And then I went to municipal
court alcoholic treatment center for 90 days.
And it was a meeting a day. So I
didn’t learn quickly, but I learned
pretty thoroughly, that if I was gonna stay sober, I needed to go to AA. It took root, finally, in June of 77.
I could tell you a lot
about people who were instrumental. The
impetus was not from me. It was from my
employer and from my wife. Ultimately,
it came from me. My wife divorced me,
and my employer fired me. My sponsor was really
hardcore. He was a hardcore, hardcore
AA guy.
I was in Indianapolis. We’d go to the Carvel Club at 46th and Carvel. He would drop me off there
in the morning, at 7 o’clock, I'd go to a 7a.m. meeting, and he’d come back by at noon. He owned a construction
company. We’d have lunch there at
the club, we’d go to a noon meeting, he’d come back by, we’d go
to a 530 meeting, then he’d take me to the
halfway house where I was living. That’s basically what I did--I hung out at the club, and I went to as many as 3
meetings a day.
I remember one time, early
on, I said, "I’m gonna talk at
33rd and Meridian." He said, "No you’re not." I said, "Yeah, I’m supposed
to do what I’m asked to do in this program." He said, "Call Homer back
and tell him you’re not talking. You got nothing to say. Shut
up, just get there, clean the
ashtrays, do what you gotta do."
I worked through the Steps
continuously. The first three years I was in the program, I think I was always working a Step with my sponsor. But I had a
problem trying to figure out how to practice these principles in all my affairs. I was great around people
in AA--it was the only place that i felt whole. It was the only place I felt accepted, the only place I felt welcome. I still have that--I feel at home in meetings.

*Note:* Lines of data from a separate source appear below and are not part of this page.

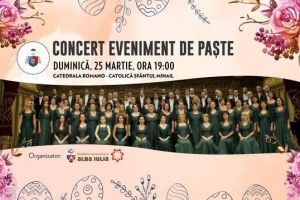 În anul Centenar, la Alba Iulia, concerte eveniment, în apropierea sărbătorilor de Paşti. Programul din zilele de 25 martie şi 1 aprilie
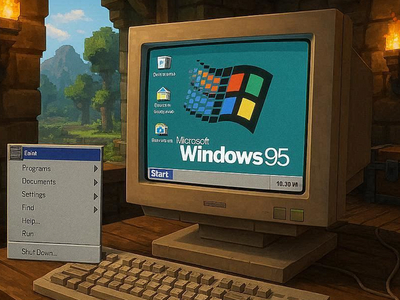 Моддер запустил Windows 95 внутри Hytale спустя неделю после релиза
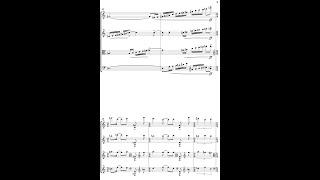 Kevin Gunia - String Quartet No. 2 2022 Score-Video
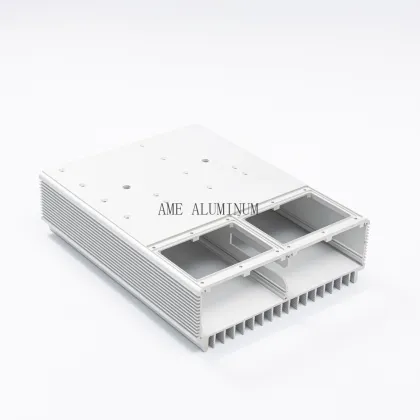 OEM Enclosure Electrical Aluminum Module Case Anodized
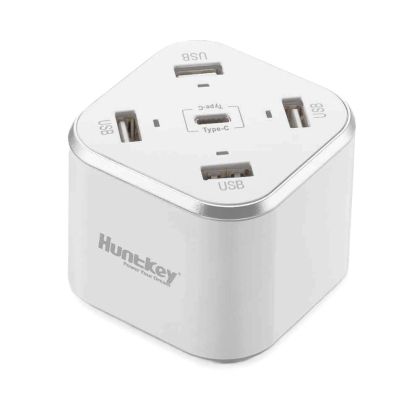 HUNTKEY SMART 4 USB &amp; TYPE-C CHARGER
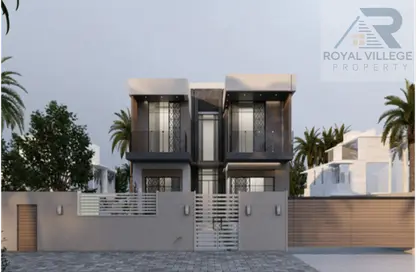 Villa - 6 Bedrooms - 7 Bathrooms for sale in Fay Alreeman - Al Shamkha - Abu Dhabi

I think Steps 3 and 5 are the
two that stood out for me early on, because deciding to turn my will and my life over the
care of God--I didn’t want to
relinquish control. I mean, I had messed everything up, I was out of control, but
it was hard for me to relinquish control. And 5--I mean, for me to
entirely surrender was monumental, and 5 was just so
cleansing. It was incredibly cleansing. I did it with a clergyman, a friend, United Methodist--it was a confessional, just not a sacramental confession.

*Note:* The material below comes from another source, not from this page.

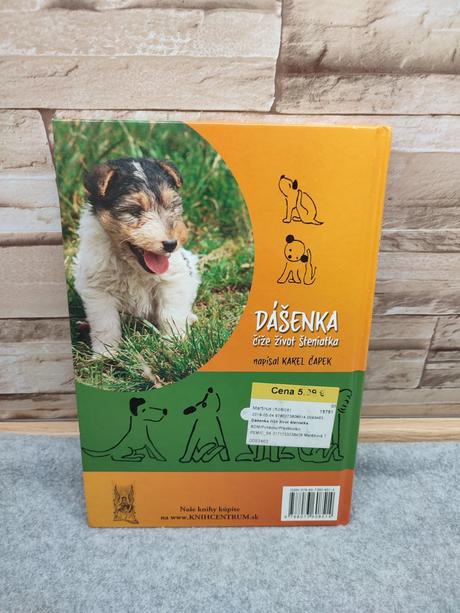 Dášenka čiže život šteniatka - karel čapek,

You know, making amends was
hard, but that came later, and I made some mistakes in making amends. That’s a humbling process, but fortunately, that
didn’t come right away.
I got sober in 77. I left Indianapolis in 95. There were a whole lot
more speaker meetings, I mean a whole lot more. Maybe my perception was
skewed, because my sponsor did not like discussion meetings. He didn’t like them. He thought they were
touchy feely. He thought people threw
out random bulls--- that had nothing to do with anything. He wanted a meeting. We didn't talk about anything but alcoholism. No cross addiction.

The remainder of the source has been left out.